My answer during and after TIFF to everyone who asked – what’s the one movie I should see? – has been without fail The King’s Speech. And not only because I adore Colin Firth which, obviously, I do. But also because I adore Geoffrey Rush. And the two of them together, the chemistry, the way they both elevated their games, it’s the kind of acting that makes going to the movies so much fun, and the kind of acting that reminds you it is indeed very much an art.

I wrote about this in my column for The Globe & Mail but I realise I never recounted the story here – my car ride with Geoffrey Rush the night of Colin Firth’s birthday party. I was with Shinan Govani of The National Post. We were heading to another event in his car. Rush couldn’t find his ride and he was heading to meet his friends, local Toronto folks, at a very local Toronto bar. So he just hopped in with us.

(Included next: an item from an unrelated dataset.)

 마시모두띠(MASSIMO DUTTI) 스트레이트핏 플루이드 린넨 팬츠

There we were, jammed in the backseat with Geoffrey Rush who chatted happily and openly about his career, his movies, music, Joaquin Phoenix (called him “esoteric” which elicited huge laughs because only he could be so kind and yet so obviously shrewd in his description), like it was the most normal thing in the world to be hitching a lift from strangers. When he arrived at his destination, he hopped out of the car, no handler, and ambled towards the pub. It was around 1am. I hear he stayed til at least 4am, badass motherf-cker.

Anyway, on the way there he told us about how The King’s Speech came to be, because, really, Rush was the one who started it. He was at home in Australia, woke up one day, checked the mailbox, and there was a script inside. From some writer who lived in the neighbourhood. At the time it was written as a play. Rush loved it and thought it’d be better as a movie. So then his agent had it turned into a movie screenplay and here we are, already one of the most beloved movies of the year, and no doubt, a lock for a Best Picture nomination.

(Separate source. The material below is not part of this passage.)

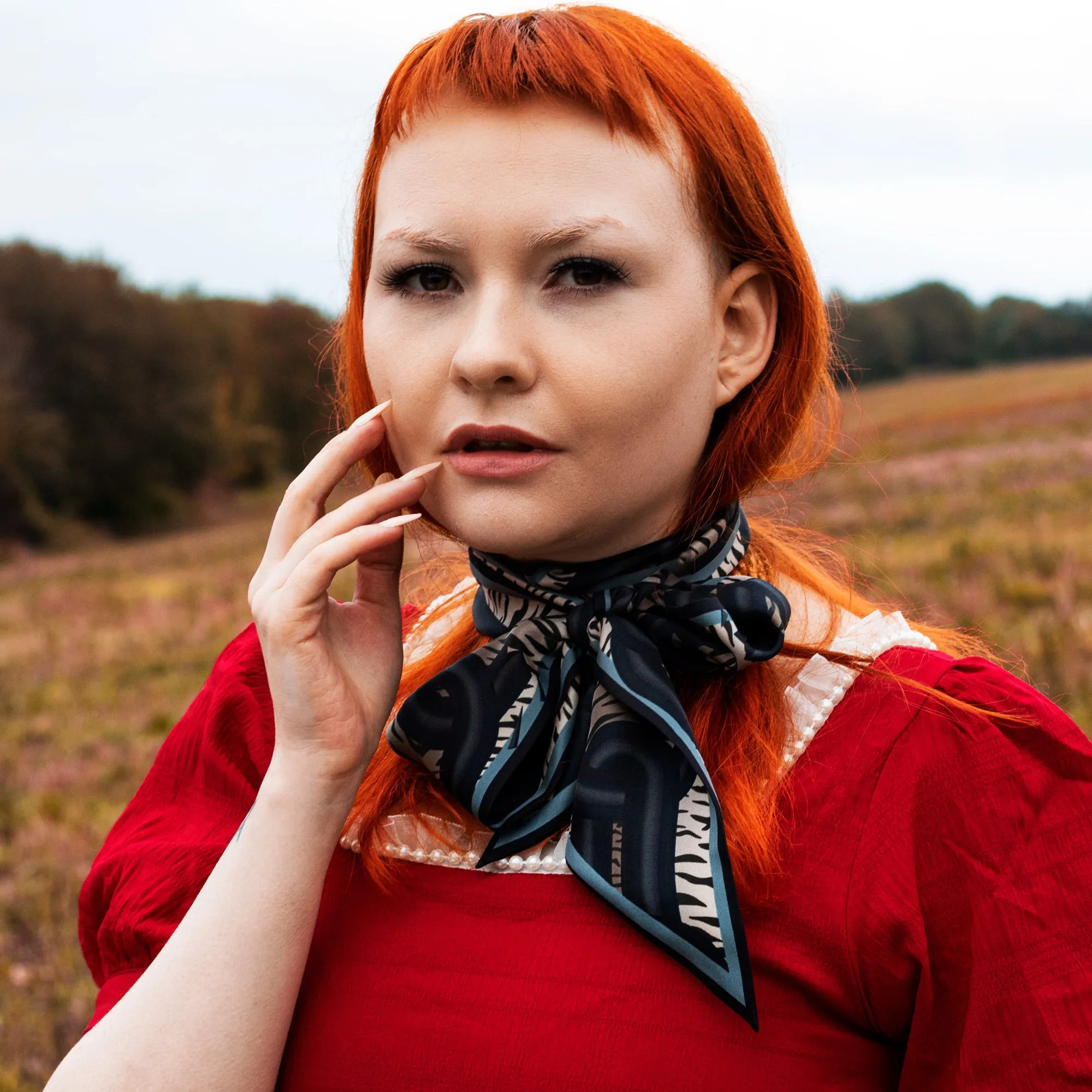 Break the Chains – Charcoal, Silk Ribbon Scarf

This one is a fist pumper, a heartswelling fistpumper. You’ll see from the trailer. One of those truly spirit-lifting films that doesn’t succumb to schmaltzy impulse, that doesn’t give into the Oprah-ness of certain moments. I’m a f-cking bitch, but even I love a good movie hug now and again. And this is what The King’s Speech is: a true story movie hug supported by world class talent, wonderful direction, and a message you can actually believe in.

Woah. I have to chill. Too much too soon might jinx it. But it’s hard not to be enthusiastic when you love something so much.